» Exercise details: Go to the line below that has "Jingling Santa Earring Pink", print it and each line after it exactly, and stop after the line that has "Hermes牛皮按扣沙灘包手提包帆布銀扣淺藍色-4"; leave out pictures.

» Input for this task:
━━━━━━━━━━━━━━━━

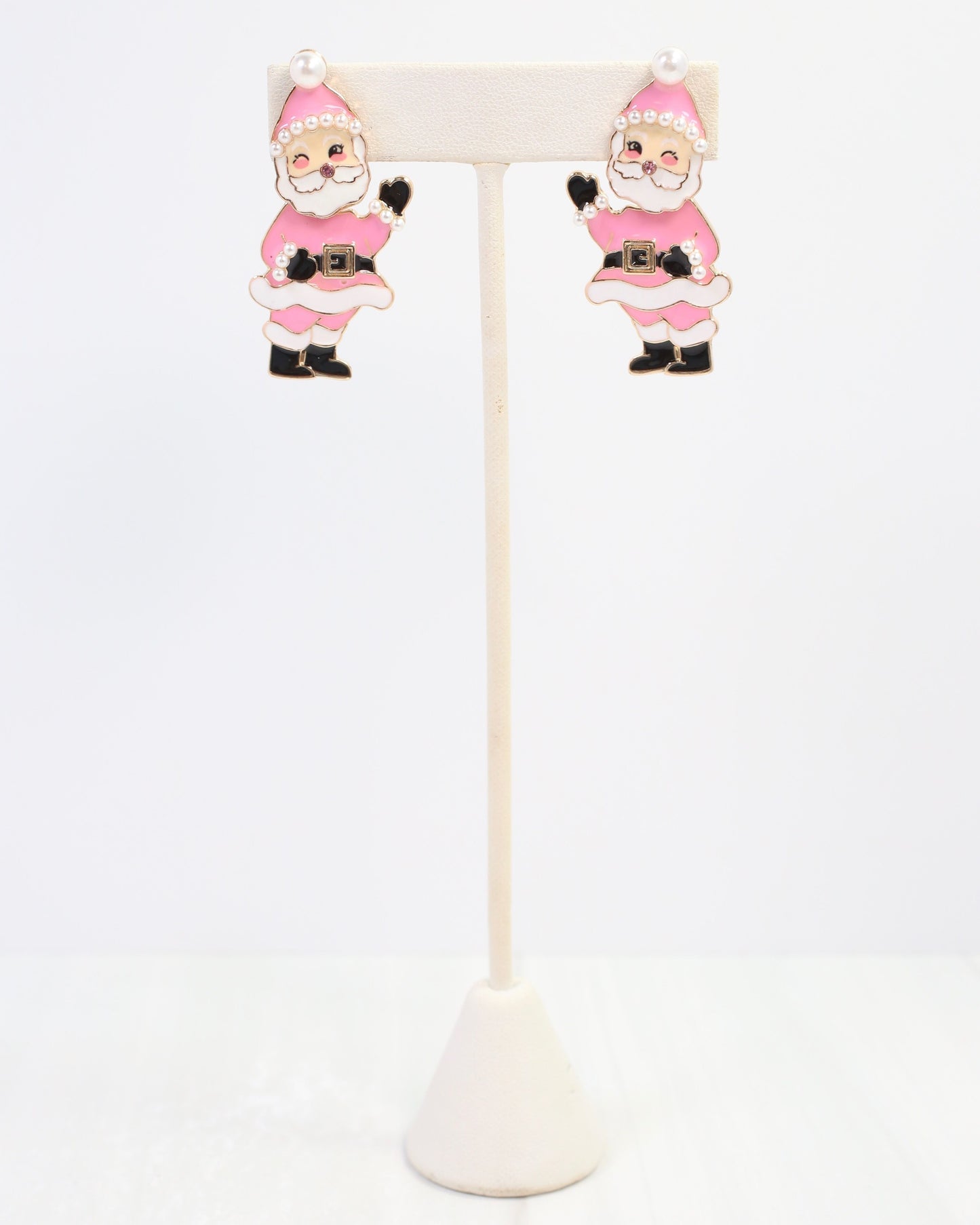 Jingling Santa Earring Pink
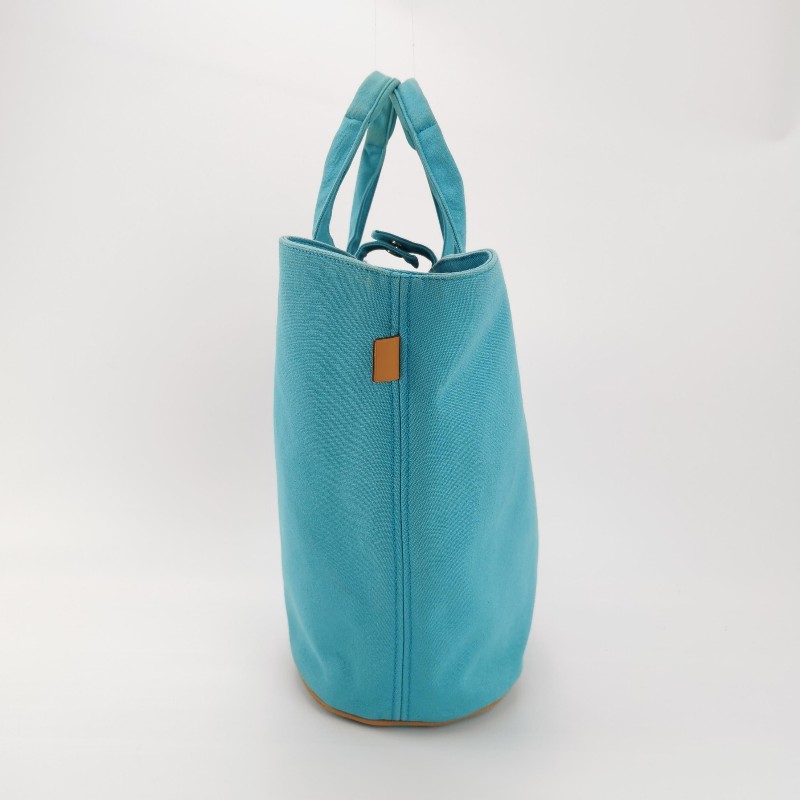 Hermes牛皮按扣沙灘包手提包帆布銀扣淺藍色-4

━━━━━━━━━━━━━━━━

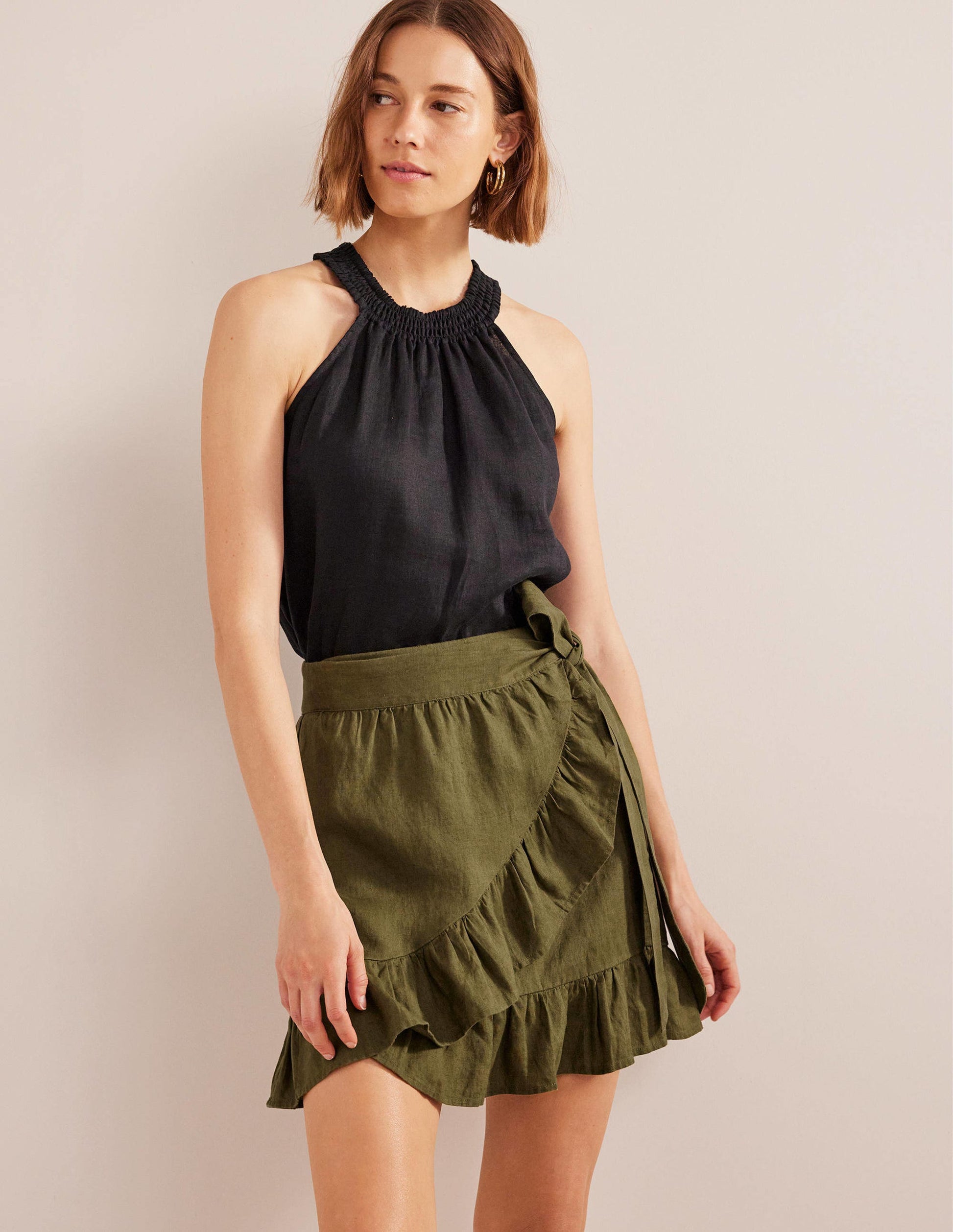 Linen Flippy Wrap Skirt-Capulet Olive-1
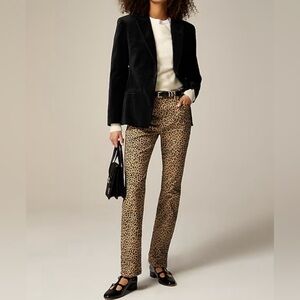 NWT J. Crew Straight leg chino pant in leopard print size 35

━━━━━━━━━━━━━━━━

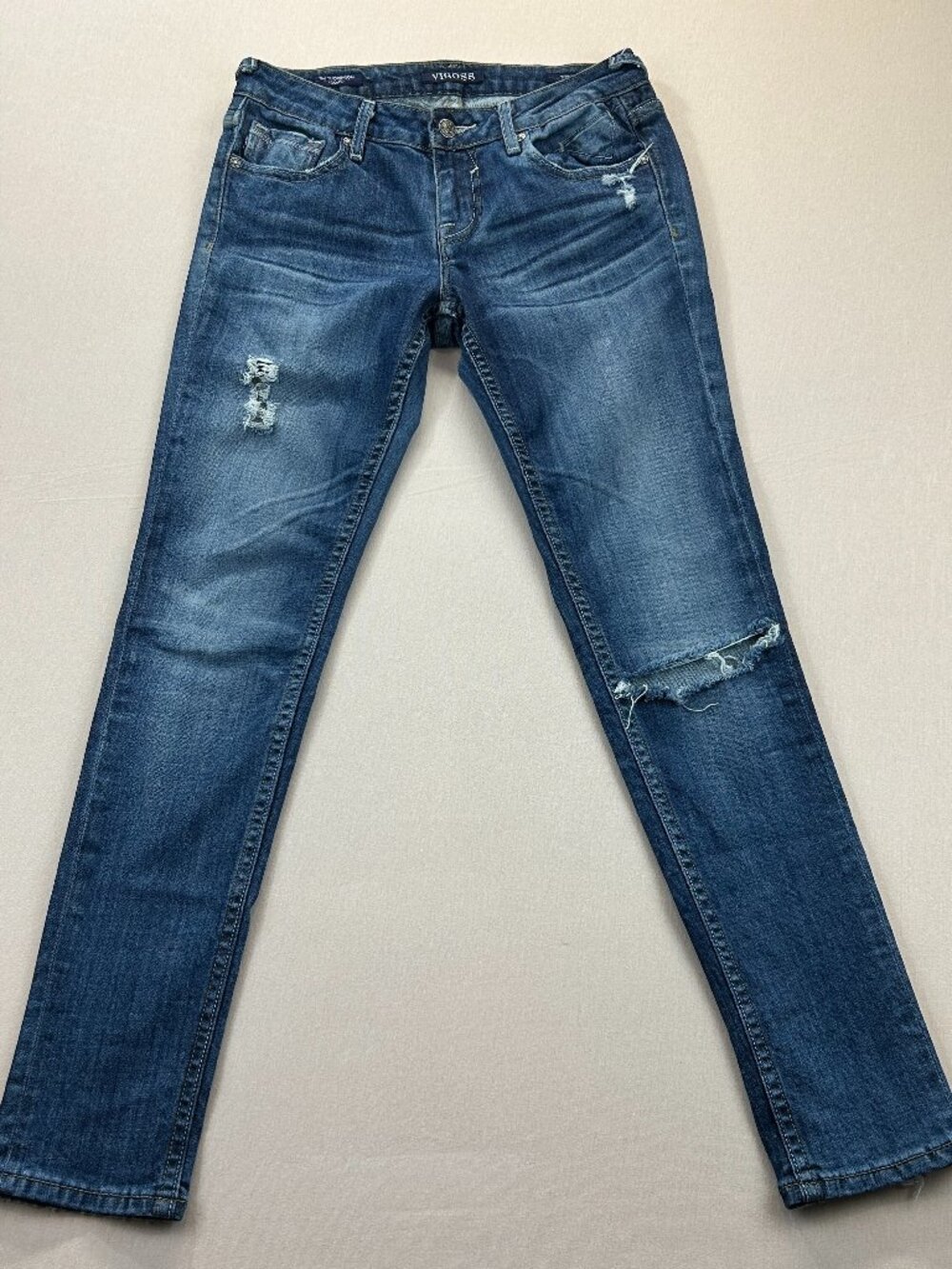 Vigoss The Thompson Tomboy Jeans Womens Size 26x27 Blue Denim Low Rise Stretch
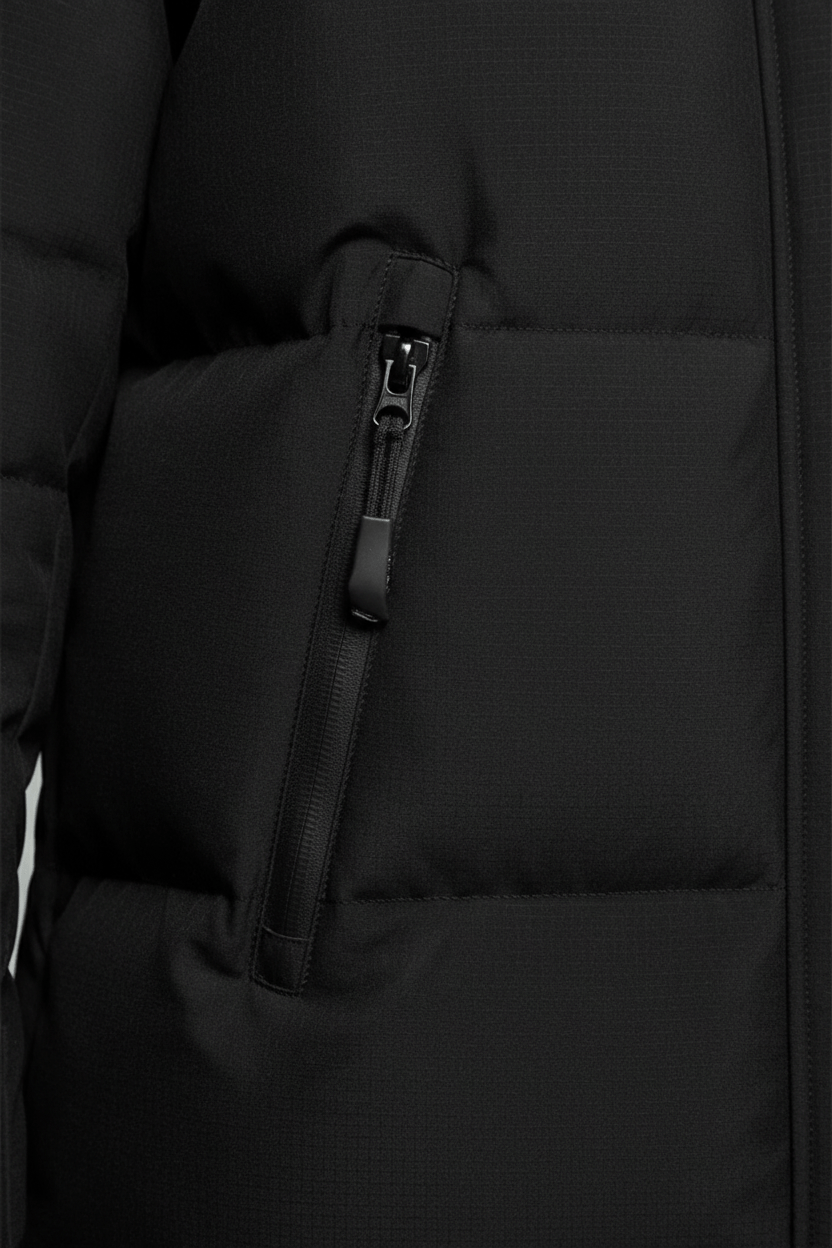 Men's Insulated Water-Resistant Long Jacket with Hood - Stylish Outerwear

━━━━━━━━━━━━━━━━

» Task result:
 Jingling Santa Earring Pink
 Hermes牛皮按扣沙灘包手提包帆布銀扣淺藍色-4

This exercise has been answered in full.